In googling for people like me I've come across a lot of great blogs about disability. How people with disabilities (PWDs) are treated, how they live, how they work through the system and how they live their lives without the ease that temporarily-able-bodied people (TABs) have.
I took that ease for granted. I never thought about accessibility. Why would I? I have had very few people in my life who had a chronic illness or a disability, so I had never even considered the perspective. That would be my privilege showing, I suppose. Now I know.
Now I know that the reason PWDs have to sue for access is because usually, no one will fix it otherwise.
Now I know that disability is common and varied, and often invisible.
Now I know what it is to be shamed for having a disability, to feel guilt for it, to feel less than. And I know that it's not right.
Now I know that disabled benefits are really not enough to live on, despite the welfare queen myth.
Now I know what it's like to be hungry.
Now I know what it's like to be pitied, dismissed, marginalized, condescended to, ignored, disbelieved, and misunderstood.
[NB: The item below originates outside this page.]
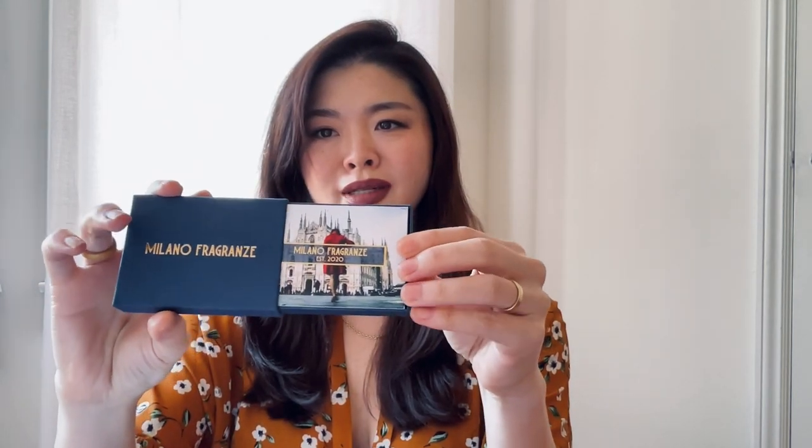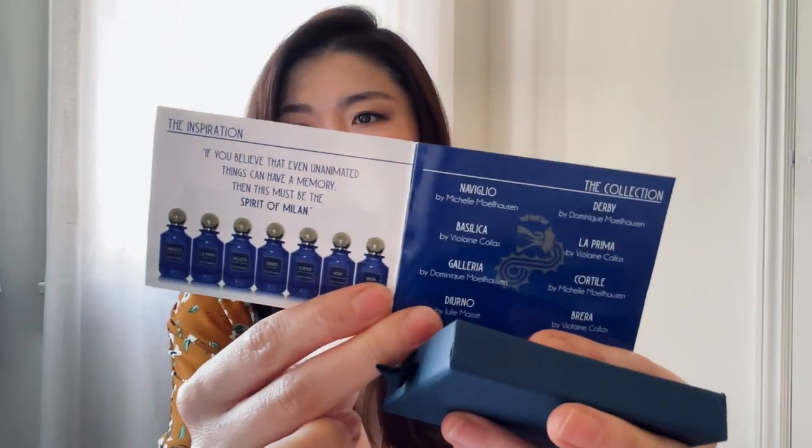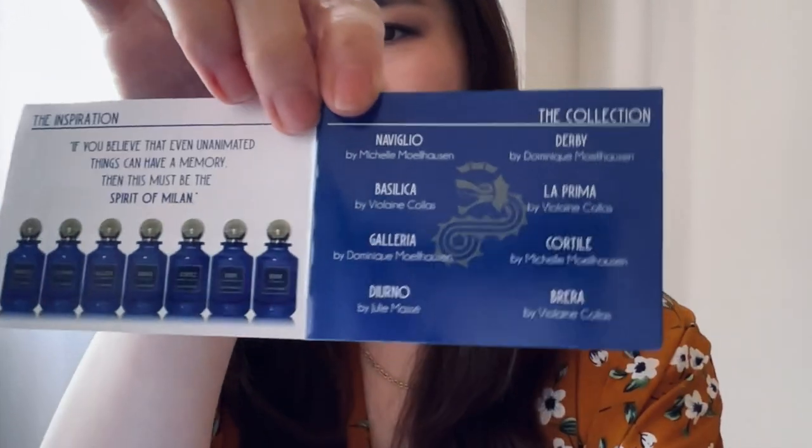I got the discovery set as a gift last year. It comes in a little box — very elegant, with a very elegant ribbon — and it slides out. You have this little booklet that gives you the notes and the story behind each fragrance, and then here are all of the fragrances. I found this presentation to be super elegant. The inspiration behind the brand says, 'If you believe that even unanimated things can have a memory, then this must be the spirit of Milan.' And the bottles look like this.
Now I know what it is to be judged.
This knowledge makes me more aware, more sensitive to other marginalized groups, the constant struggle of this life on the other side of able-bodied privilege. Most of us turn a blind eye to it, because (society says) homeless people are lazy, chronic pain patients are all addicts, and people with disabilities who accomplish things are inspirational, and unless you have the life experience, you (I) might not be able to spot the heavy layer of prejudice that coats those phrases. You (I) might even assume that they are true, because a nicely dressed man on television tells you so, and the lady next to him with the doctorate and the cute shoes is nodding emphatically. But homeless people are not inherently lazy, pills do not default to addiction, and accomplished PWDs can be inspiring, sure, but let's not reduce people to Lifetime movies, shall we? (There's a whole bingo card phenomenon which is both hilarious and seriously disturbing.)
Becoming disabled by chronic migraines is one of the worst things that has happened in my life. But also, and I hate to say it for fear of feeding the cliche, it's made me a better person.
Now, the pain... that's had an altogether different affect on my personality. But that'll be another post.